I had met someone who lived in Chicago while I was living in Orlando. We talked constantly- yadda yadda. He had come to visit me for a weekend and we had an amazing time. For his birthday I decided to meet him in NYC for a great weekend away together.

My best friend in Orlando kept pestering me about my weekend trip. Where was I going - with who - for what - etc. She knew. So on the Tursday night before I was to leave for NY, we sat in the work parking lot chatting for awhile, as we always did. We talked about absolutely nothing while I worked up the courage to say what it ended up she already knew.

"I'm going to NY to meet someone I am romantically interested in," I said.
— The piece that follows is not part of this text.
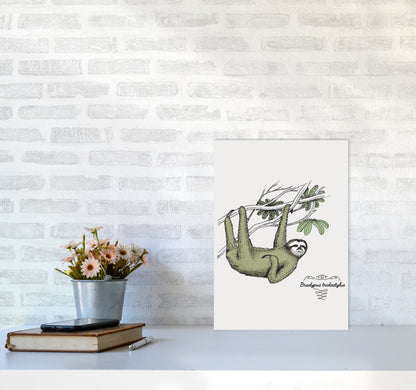 Sloth Art Print by Jason Stanley A3 Black Frame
"What's his name?" she asked. Completely stealing my thunder. I was all set with my little speech, my reasoning, my logic. She disarmed everything in one question. I still hadn't had to say the words, "I'm Gay." I skipped over the really hard part of actually saying the phrase I was dreading.

It turns out my friend is bi, her sister is Lesbian- so I clearly picked the perfect person to take this first step.

The next friend ended up with simliar results. I moved back to DC and got reaquainted with all of my old college buddies. One night, two of us were out at a bar dancing when she turned and asked, "So, what kind of girl are you looking for." I simply answered, "I'm not." Again, no stress, no judgement. A simple, "Oh, cool" and were were back on the dance floor.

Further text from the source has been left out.